Exercise requirements. What is wanted is every line below from the one with "Maternity Round Neck" up to and including the one with "use paint markers", retyped exactly, pictures excluded, nothing else.

Saved data entries
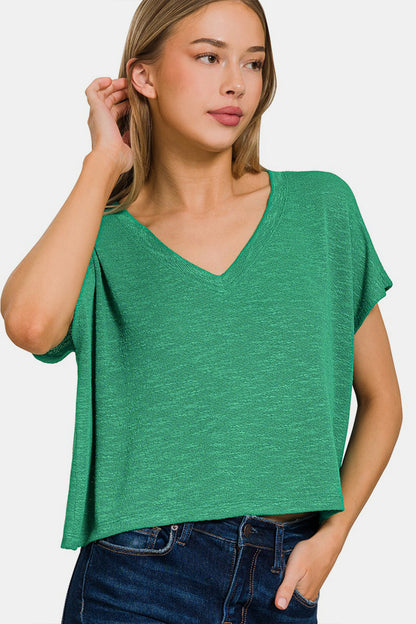 V-Neck Drop Shoulder Short Sleeve Crop Top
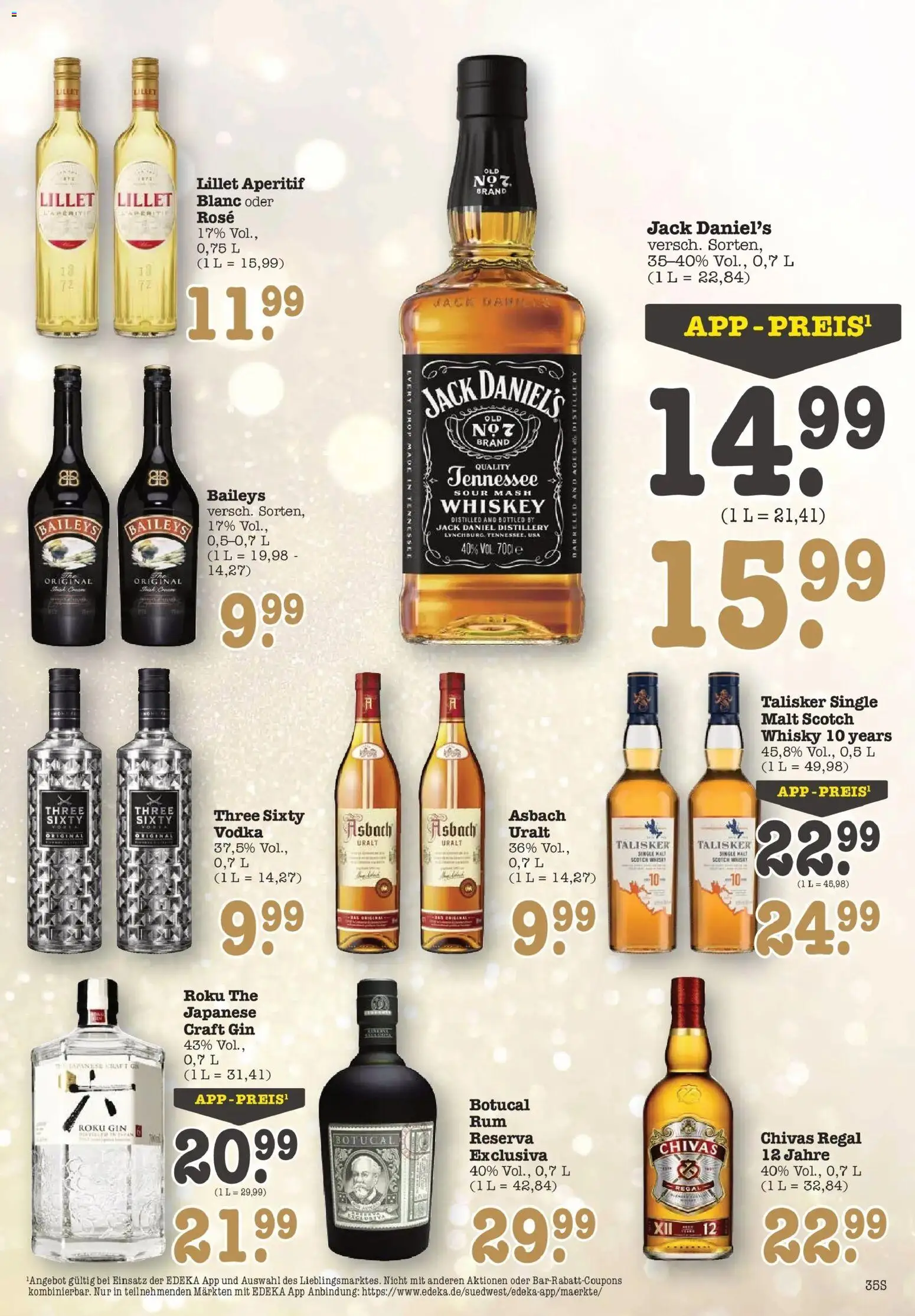 Edeka prospekt Offenbach	 – gültig ab 14.12.2025 | Seite: 35 | Produkte: Lillet, Baileys, Gin, Whiskey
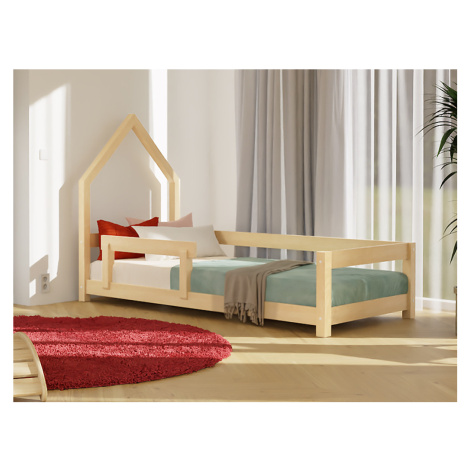 Benlemi Detská posteľ domček POPPI s bočnicou Zvoľte farbu: Biela, Zvoľte rozmer: 120x200 cm, Zv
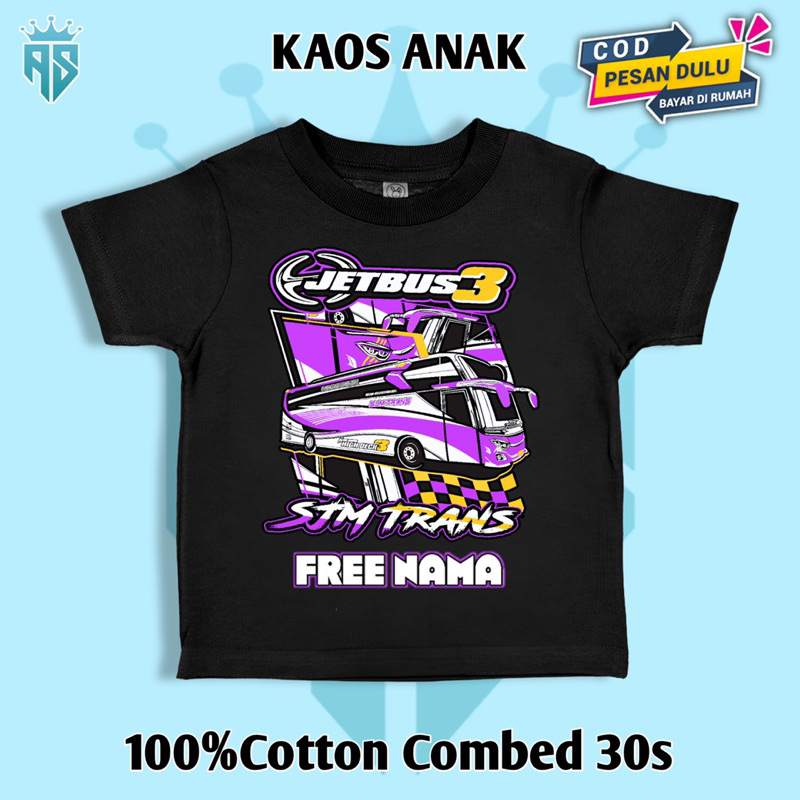 Kaos Anak Bis Telolet Jetbus/Baju Anak Bis Basuri Kekinian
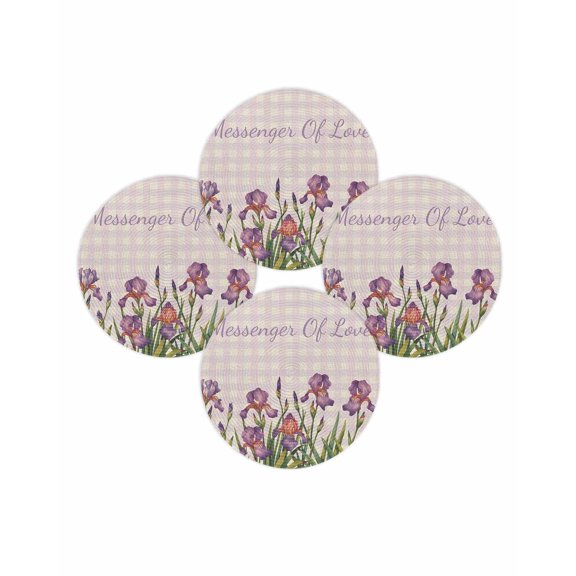 Round Placemats Set of 4 Iris Flowers Place Mats Washable Woven Placemat Floral Purple Buffalo Plaid Linen Circle Braided Table Mat for Kitchen Dining Table Party Home Decor 15 Inch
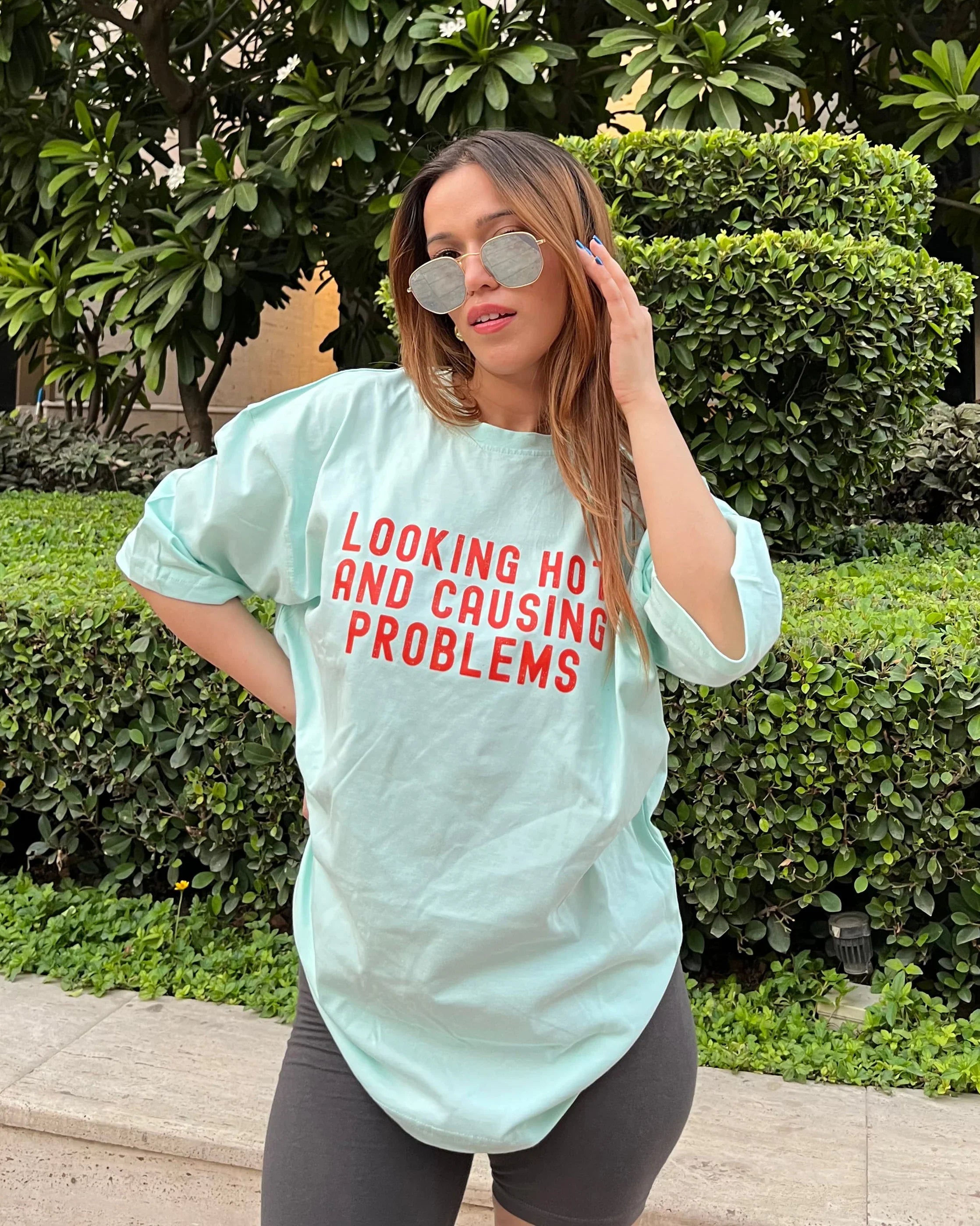 Looking Hot Oversized Tee | Beige Unisex Cotton Streetwear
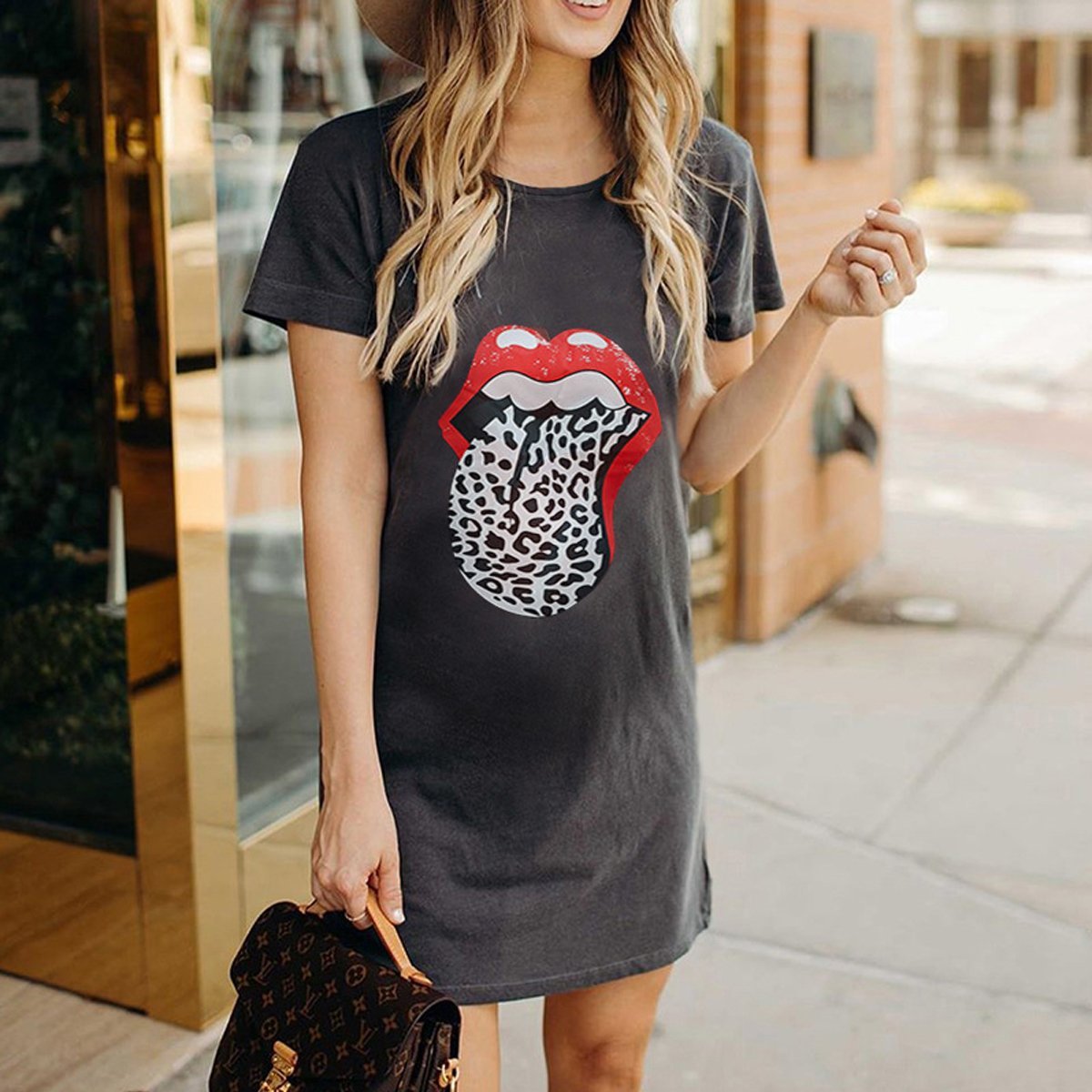 Maternity Round Neck Lip Leopard Print Loose Short Sleeve Dress - dianjiang-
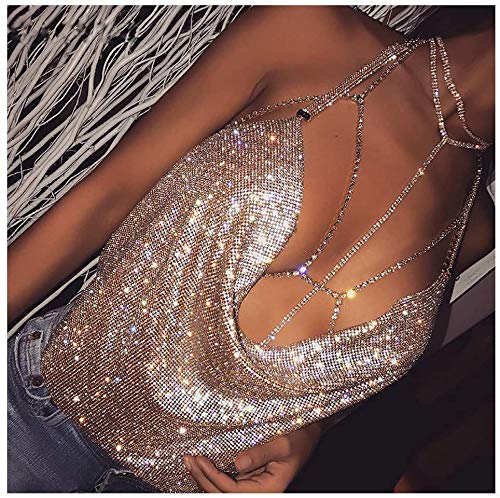 Sexy Rhinestone Body Chain for Women - Multi-Layered Long Choker Necklace with Crystals, Elegant Party Jewelry for Club, Festival, Bachelorette & Special Occasions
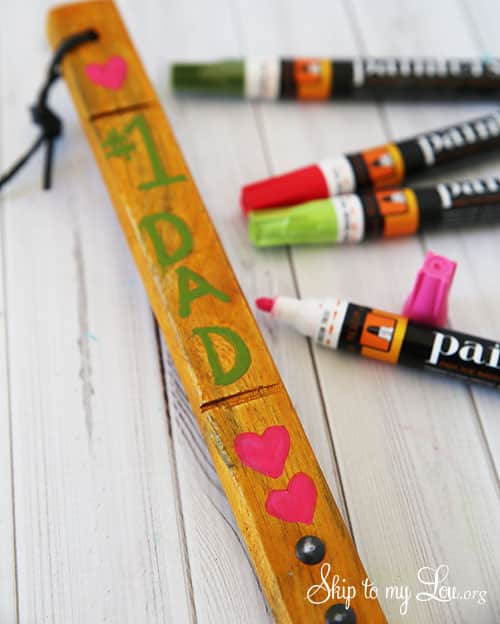 use paint markers to make a DIY Personalized Grill Spatula.  Tutorial at Tidymom.net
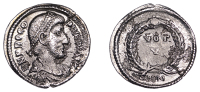 Procopius (365-366), Siliqua, Nicomedia, 364-7, pearl-diademed, draped and cuirassed bust right, d n proco-pivs p f...
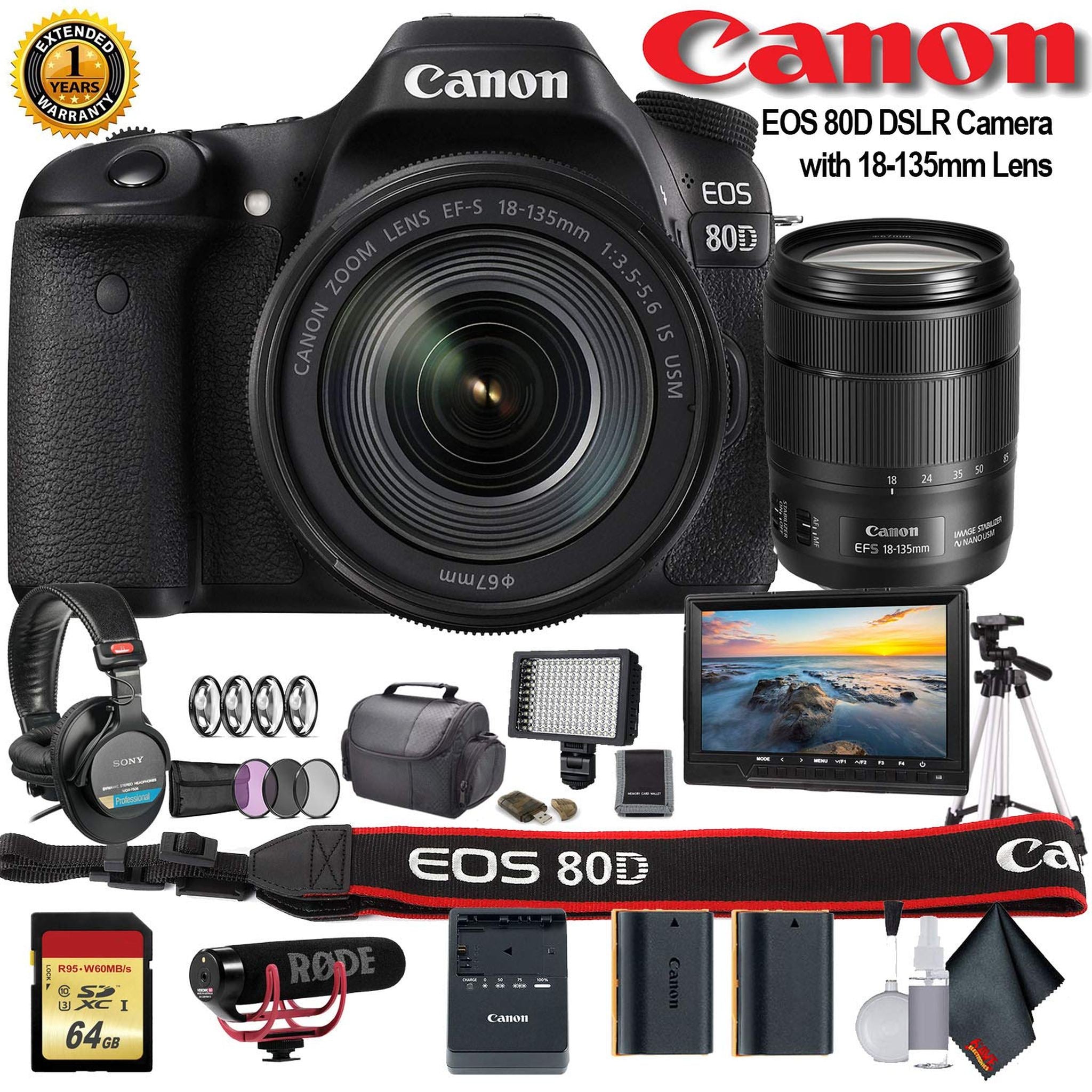 Canon EOS 80D DSLR Camera with 18-135mm Lens 1263C006 W/Bag, Extra Battery, LED Light, Mic, Filters, Tripod, Monitor a Canon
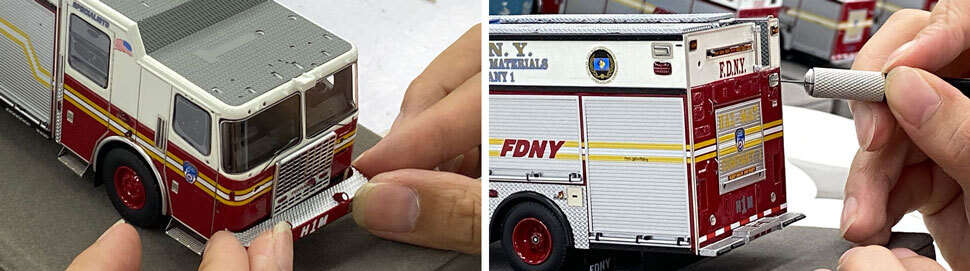 FDNY Ferrara Haz-Mat 2nd Piece scale model assembly line pictures 13-14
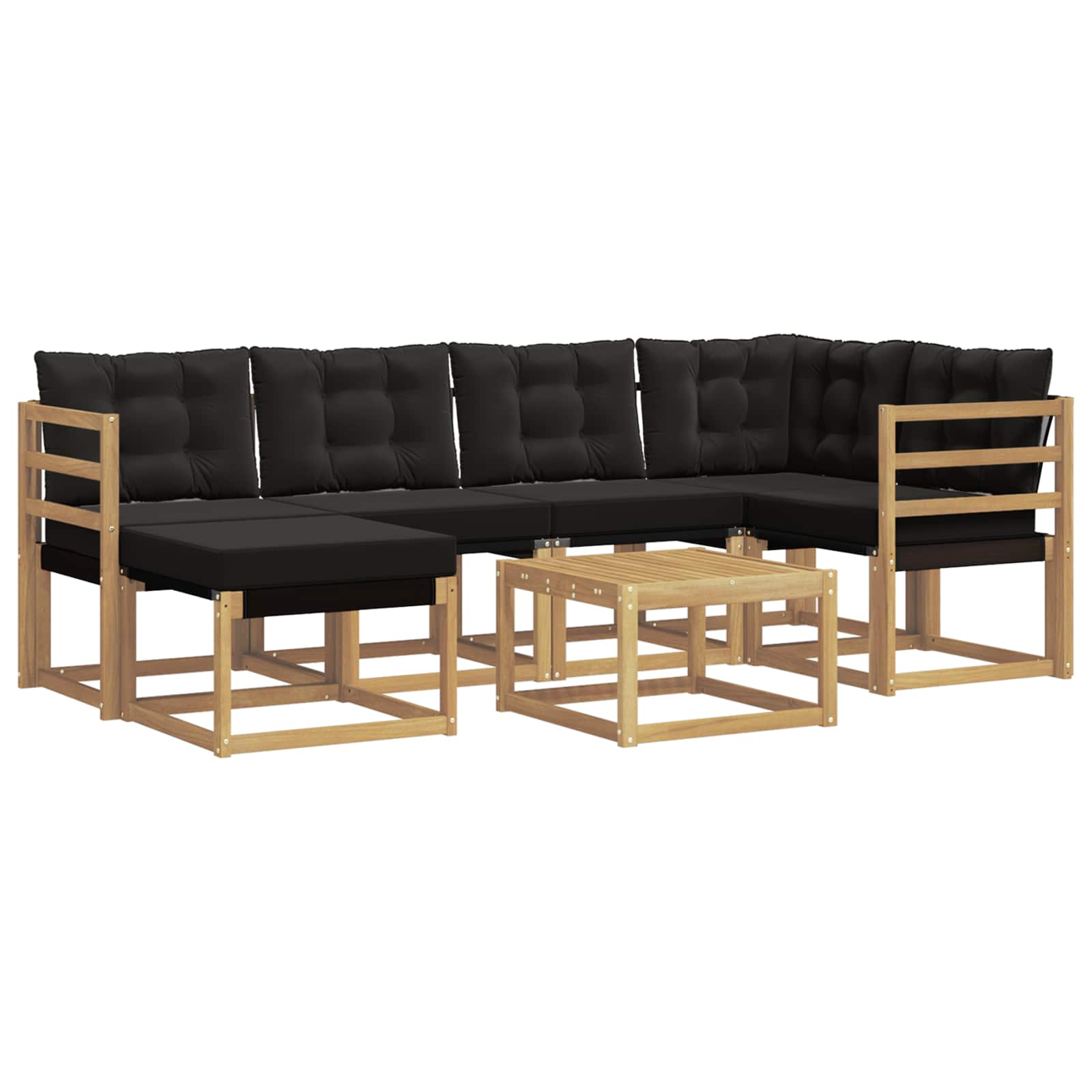 Ensemble de canapés d'extérieur 7 pcs Blanc et noir - XIOS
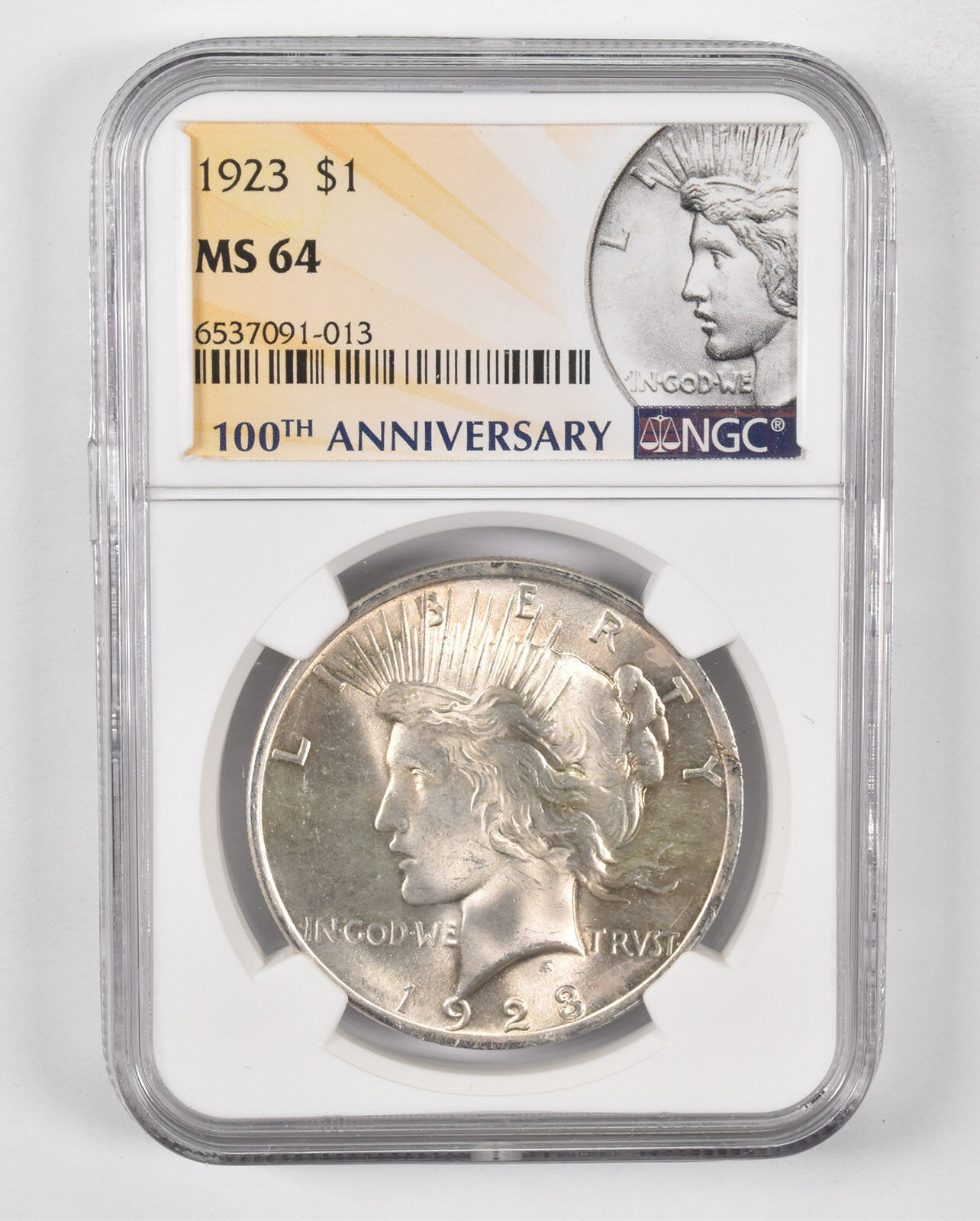 1923 Peace Silver Dollar MS64 NGC 100th Anniv 2021 Special Lbl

Output of the task.
 Maternity Round Neck Lip Leopard Print Loose Short Sleeve Dress - dianjiang-
 Sexy Rhinestone Body Chain for Women - Multi-Layered Long Choker Necklace with Crystals, Elegant Party Jewelry for Club, Festival, Bachelorette & Special Occasions
 use paint markers to make a DIY Personalized Grill Spatula.  Tutorial at Tidymom.net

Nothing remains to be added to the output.